[Records shown]
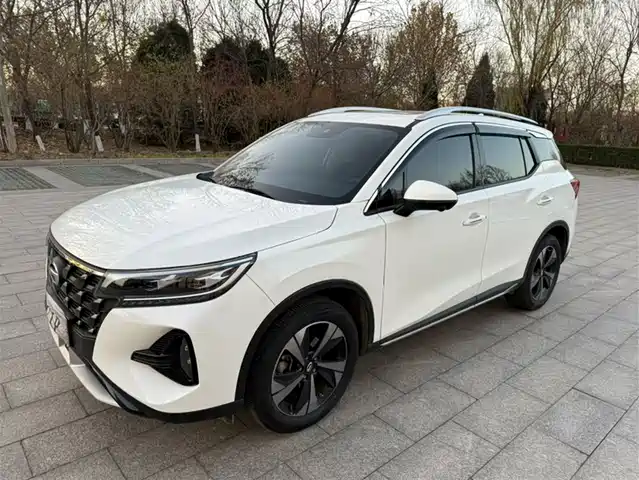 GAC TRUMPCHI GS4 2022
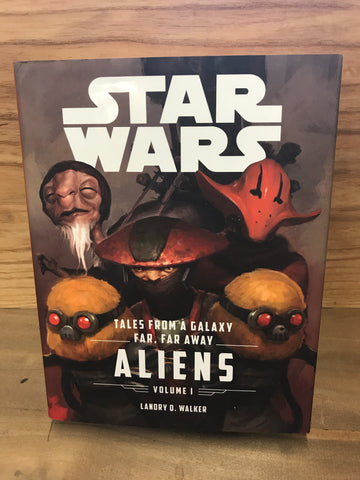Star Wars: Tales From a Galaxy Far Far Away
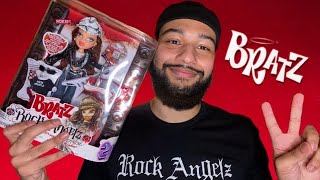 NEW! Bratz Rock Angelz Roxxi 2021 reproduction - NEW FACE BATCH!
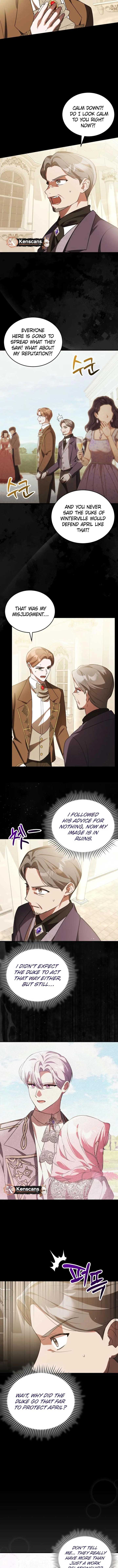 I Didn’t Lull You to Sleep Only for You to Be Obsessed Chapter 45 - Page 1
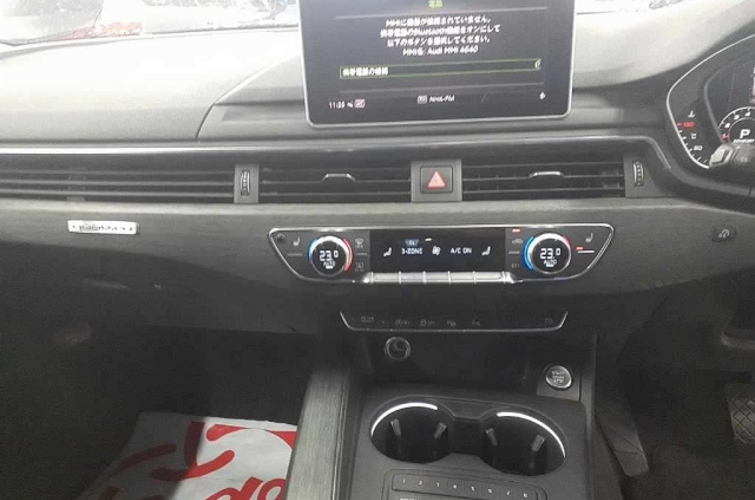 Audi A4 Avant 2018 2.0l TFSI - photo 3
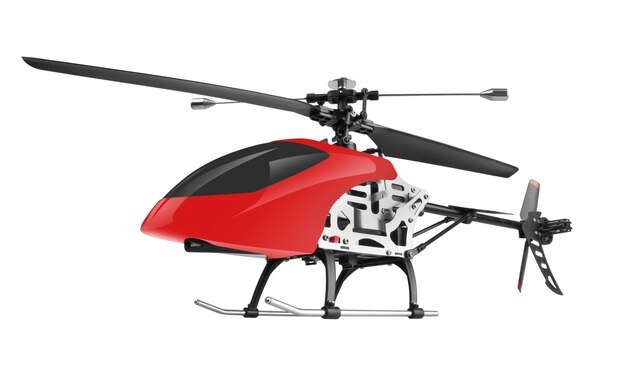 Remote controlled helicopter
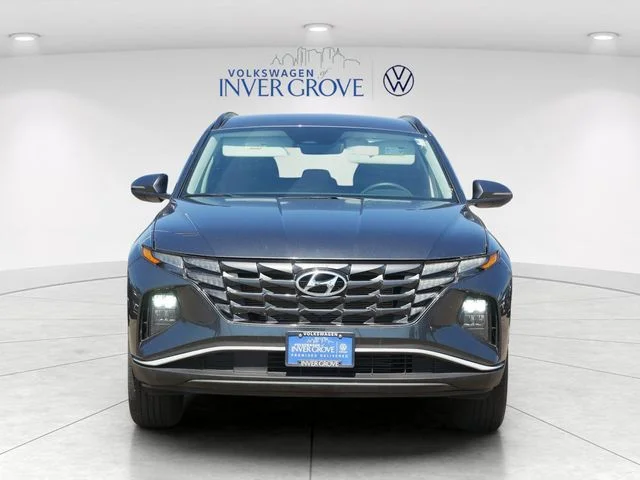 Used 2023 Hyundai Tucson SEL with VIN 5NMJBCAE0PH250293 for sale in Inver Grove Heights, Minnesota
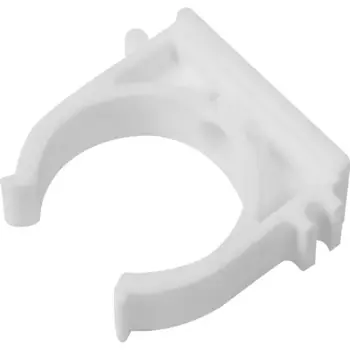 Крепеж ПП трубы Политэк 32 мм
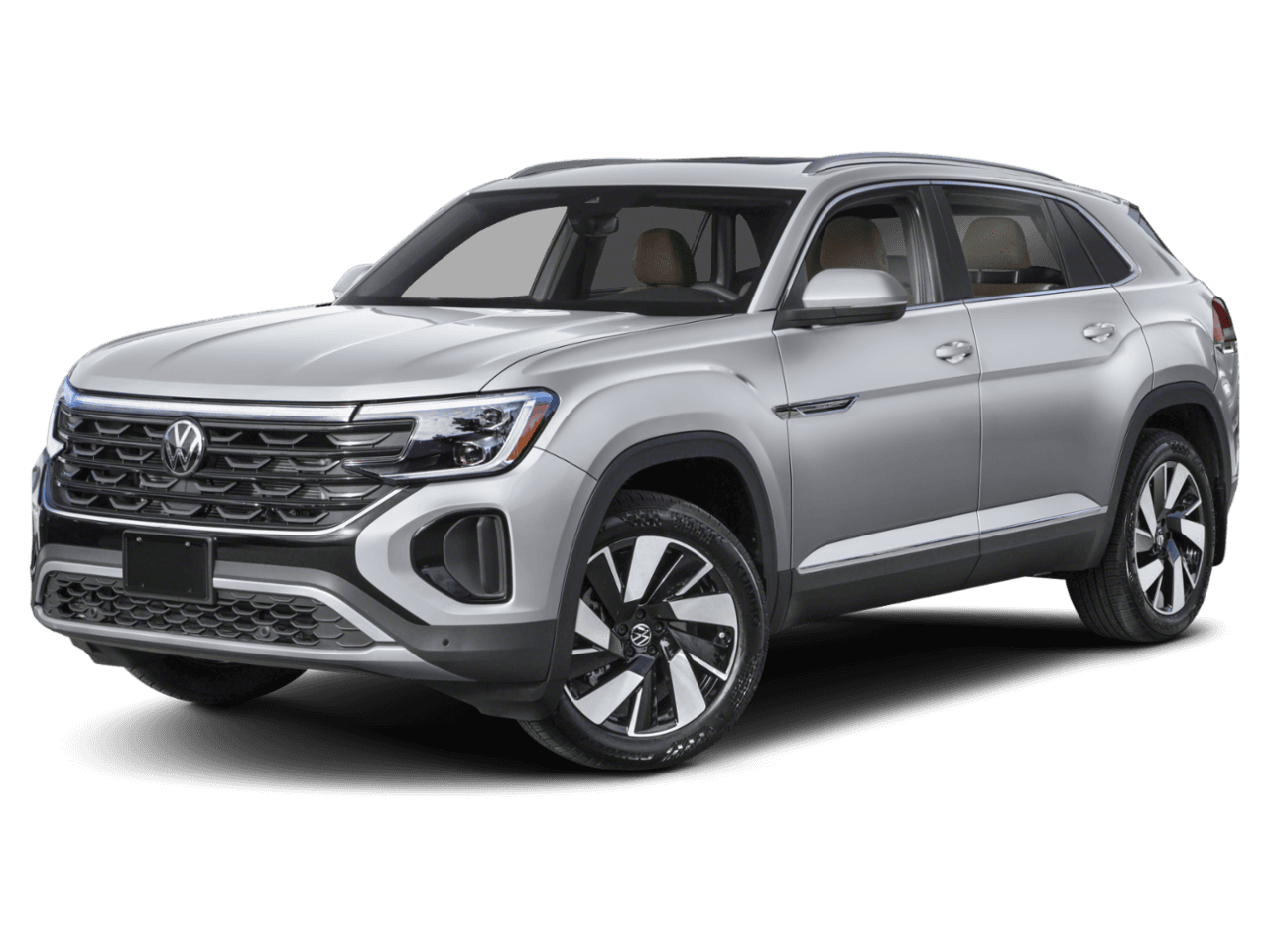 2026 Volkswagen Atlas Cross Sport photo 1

[The task] Omit the pictures, then output the rest of the listing exactly.

[Expected output]
 GAC TRUMPCHI GS4 2022
Star Wars: Tales From a Galaxy Far Far Away
 NEW! Bratz Rock Angelz Roxxi 2021 reproduction - NEW FACE BATCH!
 I Didn’t Lull You to Sleep Only for You to Be Obsessed Chapter 45 - Page 1
 Audi A4 Avant 2018 2.0l TFSI - photo 3
 Remote controlled helicopter
 Used 2023 Hyundai Tucson SEL with VIN 5NMJBCAE0PH250293 for sale in Inver Grove Heights, Minnesota
 Крепеж ПП трубы Политэк 32 мм
 2026 Volkswagen Atlas Cross Sport photo 1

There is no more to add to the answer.